Scientific data compression research
The Scientific Data Compression Research project began in FY2006. Building on the success of CISL's VAPOR work that employs wavelet-based progressive data access to permit the exploration of terascale data sets, CISL began investigating the application of wavelet-based lossy data compression techniques applied to a variety of model simulation outputs. The methods employed are similar to those now widely used in the compression of digital media. The goals of this work are to:
- Determine whether, and to what degree, scientific data sets can tolerate information loss
- Investigate a variety of compression methods and determine which may be most appropriate for geoscience data
- If successful, develop user tools for data compression
![]() |
|||
|
Using temperature data from the 1/10-degree POP ocean model, shown from left to right are the original data, a 64:1 compression, and a 512:1 compression.

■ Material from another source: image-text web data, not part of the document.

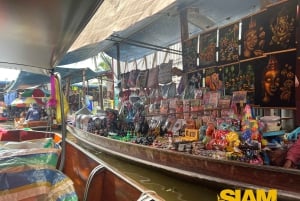 Bangkok: Floating Market, River Kwai, Railway Tour mit Mittagessen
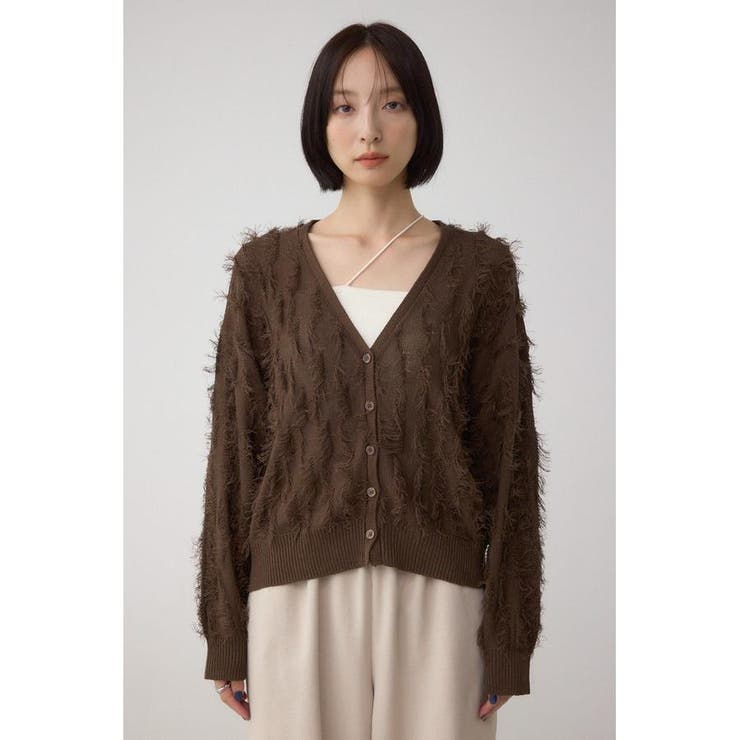 ランダムフリンジニットカーディガン | AZUL BY MOUSSY | 詳細画像15 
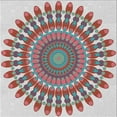 thumbnail image 1 of Ahgly Company Machine Washable Indoor Square Transitional Cherry Red Area Rugs, 4' Square, 1 of 7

Image quality remains high even at high compression rates. This work holds potential to significantly improve our ability to store and visualize the data produced by high performance computers. |
|||
Exponential growth in transistor density in computers is producing ongoing increases in computer processing power. These increases enable computational scientists to create numerical simulations of physical phenomena at unprecedented scales, and this generates extraordinary amounts of data. For example, the recent IPCC work yielded over 100 terabytes of climate model data. While microprocessor performance continues to double roughly every 18 months, other computing technologies are improving at much more modest rates. In particular, storage and networking bandwidths have lagged behind. As a result, the challenge of storing, analyzing, managing, and sharing large simulation data sets is becoming increasingly problematic and hampers scientific productivity. Lossy signal compression techniques, such as those ubiquitously used for digital media and now being investigated by CISL, may provide relief for researchers drowning in data.

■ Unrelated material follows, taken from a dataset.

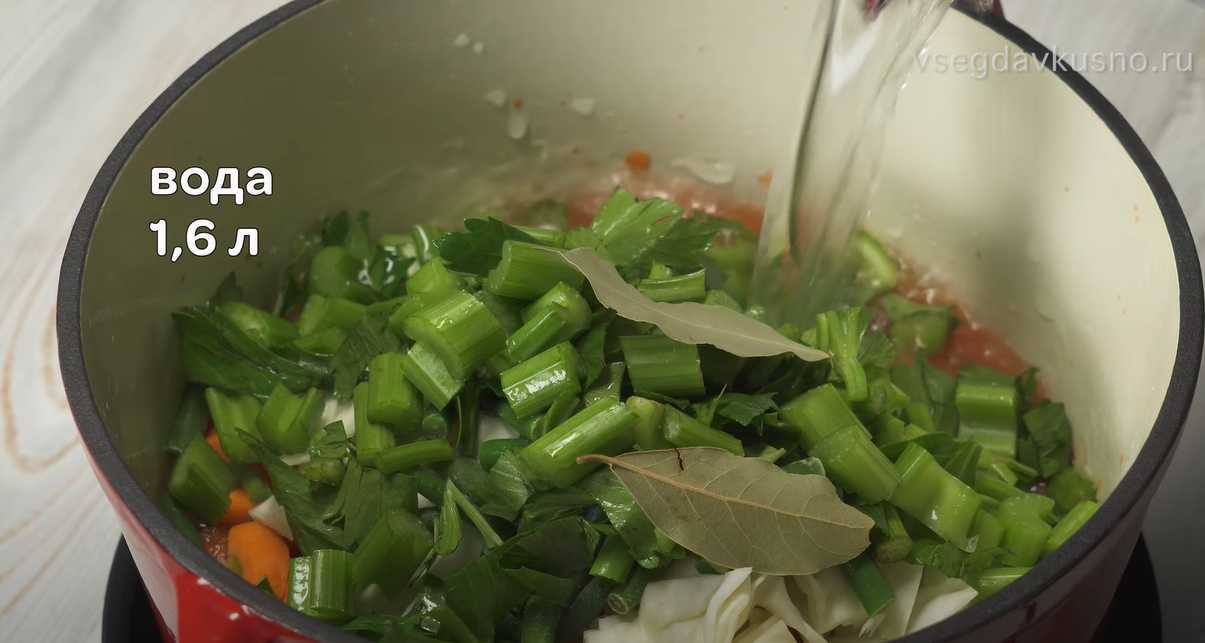 Soupe classique aux légumes - Étape 7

While extending integer, digital-media, lossy compression techniques to floating-point scientific data is relatively straightforward, the scale of the data and the desire to preserve essential data properties (such as smooth derivatives) introduces many subtle challenges. In FY2007, CISL continued working with a number of domain scientists to identify promising wavelet decompositions for maintaining essential data properties while applying high compression rates. Progress was also made in developing computationally efficient algorithms for handling very large data sets. CISL collaborated with three CGD groups at NCAR and one external group: the Southern California Earthquake Center (SCEC). Experiments with the CGD groups achieved varying degrees of success: the degree of compression that could be tolerated was found to be highly sensitive to the type of operation to be subsequently performed. In some cases, data could be aggressively compressed while in others only minimal compression was possible. More promising results were achieved with SCEC, where the set of data operators is small, known in advance, and preliminary work suggests that fairly aggressive compression can be tolerated.
All of these efforts are works in progress. In FY2008 we will continue experiments with various groups, in particular the SCEC seismic simulation data. We will also explore parallelization of our algorithms to prepare for petascale computing, and we will continue to investigate more efficient algorithms (both computationally and in storage requirements) for encoding compressed data.
This research supports NCAR's strategic priorities of "Developing and providing advanced services and tools" and "Conducting research in computer science, applied mathematics, statistics, and numerical methods." This work is made possible by NSF Core funding.